いつの間にかそれが事実であるようにすら思えてきた私は、ついつい頬を引き攣らせつつ、視線を彼から窓の外へと移した。
いつの間にかギュッと握りしめていた鞄。
車に乗ってすぐに返してもらったその中には、彼から押し付けられたカードが入っている。
結局、何度返そうとしても受け取ってもらえなかったそれは、いまだに何に使うものかわからず仕舞い。
でも、さっきの彼女が、このカードを春斗さんに返す時の剣幕からして、彼の女性遍歴に何らかの関わりがあるもののような気がする。
そう思うと、例え使わなくても、持っている事自体がまずいような気がして来てしょうがない。

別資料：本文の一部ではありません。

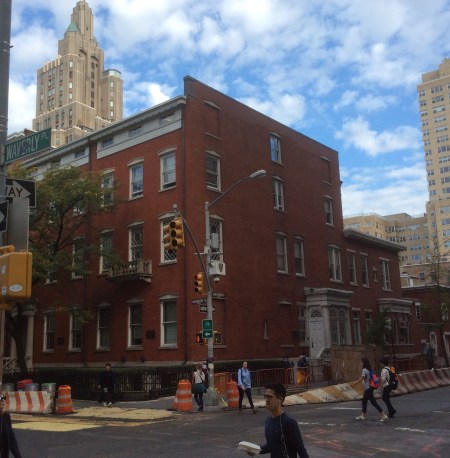 Waverly Pl and University at Washington Square, Manhattan, NY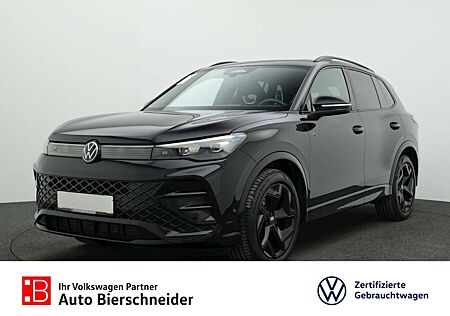 VW Tiguan Volkswagen 2.0 TDI DSG R-Line BLACK-STYLE AHK PANO ALU19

やっぱり、別れ際とかに彼の気がちょっと逸れた隙を見計らってこっそりと車の中にでも置き去りにするべきかな。
正面から返そうとしても受け取ってもらえないのはもう実証済みだから、彼には悪いけど、少しだけ卑怯な手を使わせてもらおう。
そう心に決めて、鞄を握ってた手から力を抜く。
ひとまず、決行するのは今じゃない。
これからどれ位彼といるかわからないこのタイミングで、置き去り作戦を決行すれば、途中彼に気付かれて、返された揚句、用心されて置き去りに出来なくなる可能性がある。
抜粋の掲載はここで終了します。